Submitted: September 30, 2022 | Approved: October 04, 2022 | Published: October 05, 2022
How to cite this article: Montepío RP, Gonzales BM, Villa JDJ. Accidental placement of hemodialysis catheter tip in the right internal mammary vein: a case report. J Clini Nephrol. 2022; 6: 094-096.
Copyright License: © 2022 Montepío RP, et al.

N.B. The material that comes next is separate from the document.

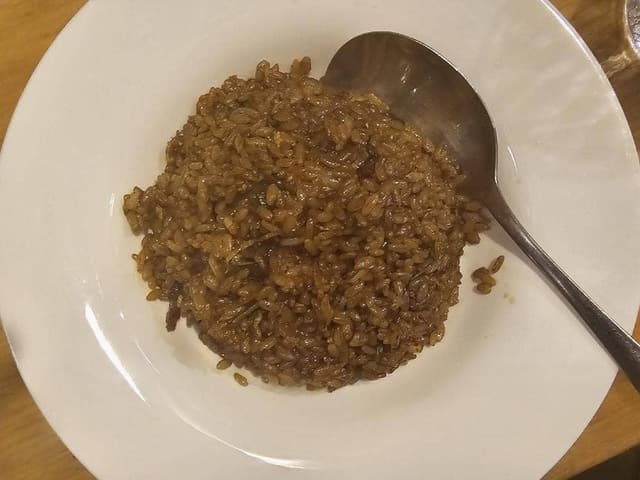 中華料理 八福飯店 - サブ画像2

This is an open access article distributed under the Creative Commons Attribution License, which permits unrestricted use, distribution, and reproduction in any medium, provided the original work is properly cited.
Accidental placement of hemodialysis catheter tip in the right internal mammary vein: a case report
Rafael Parcarey Montepío1,2*, Bernardo Moguel Gonzales1 and Jose Daniel Juarez Villa1
1Nephrology Department, National Institute of Cardiology, Mexico City, Mexico
2Nephrology Department, National Kidney and Transplant Institute, Philippines
*Address for Correspondence: Rafael Parcarey Montepio, MD, Interventional Nephrology Fellow (ISN scholar), National Institute of Cardiology “Ignacio Chavez”, Mexico City, Mexico, Email: firstname.lastname@example.org; email@example.com
Hemodialysis catheter placement, particularly Internal Jugular Catheter insertion, is a very common procedure for patients who require urgent access to renal replacement therapy. Most of these procedures are done under ultrasound guidance as recommended by KDIGO 2019 vascular access guidelines. However, catheter tip misplacement can still occur even in the experts’ hands and despite the use of ultrasound. In this case report, we will discuss a hemodialysis catheter tip placement in the right internal mammary vein and how we managed it.

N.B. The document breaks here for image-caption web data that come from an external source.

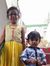 Saleem ...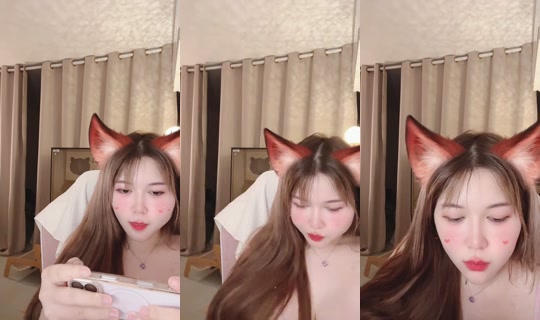 vj.yuna Bigo Live — Sep 16, 2026, 4:41 AM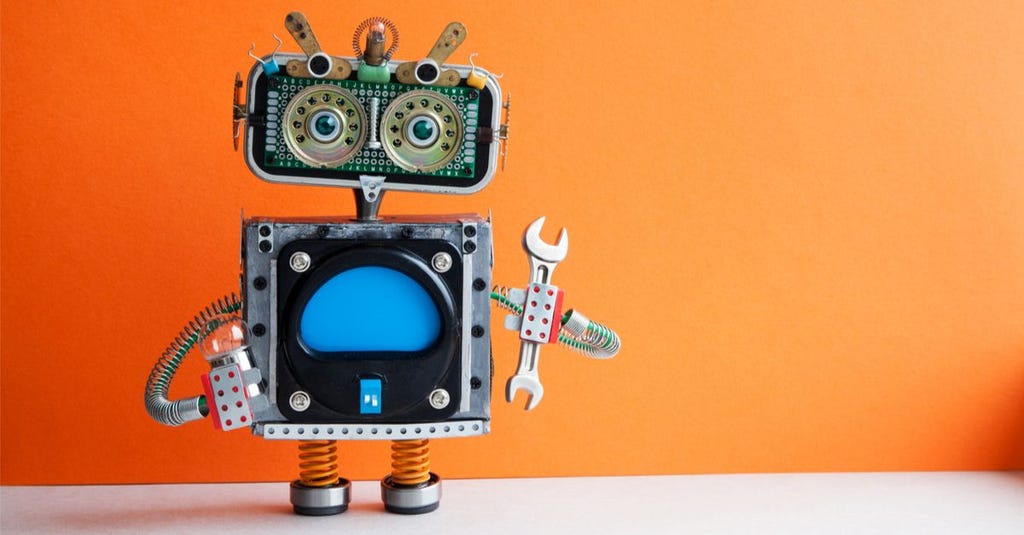 shutterstock_790790974-compressor shutterstock_790790974-compressor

Central venous placement is an important procedure not just for access to hemodialysis patients but also for critically-ill patients, for infusion of intravenous fluids, medications, and central venous pressure monitoring. Over 80% of new hemodialysis patients are initiated with hemodialysis catheters, despite guidelines recommending early planning for arteriovenous access to minimize catheter use [1-3]. Ultrasound guidance is highly recommended in performing these procedures, but it is not without risks. Published rates of cannulation success and complications vary according to the anatomic site, the use of ultrasound guidance and operator experience. One review described an overall complication rate of 15% . The following are the common immediate complications: pneumothorax, venous air embolism, arterial injury and arrhythmia. Accidental insertion of an internal mammary vein is a very rare complication, estimated to occur in only 1% to 2% of cases [5,6]. Most of these case reports are accidental misplacement into the left internal mammary vein through a left internal jugular catheter insertion [6-9]. Case reports of inadvertent insertions into a right internal mammary vein are secondary to cannulations of either the left internal jugular vein or subclavian vein [10,11]. Inadvertent insertion of a right internal mammary vein from a right internal jugular vein cannulation is even less likely to happen because the right internal jugular vein has a more straight path going to the superior vena cava, making our case report more rare and unique.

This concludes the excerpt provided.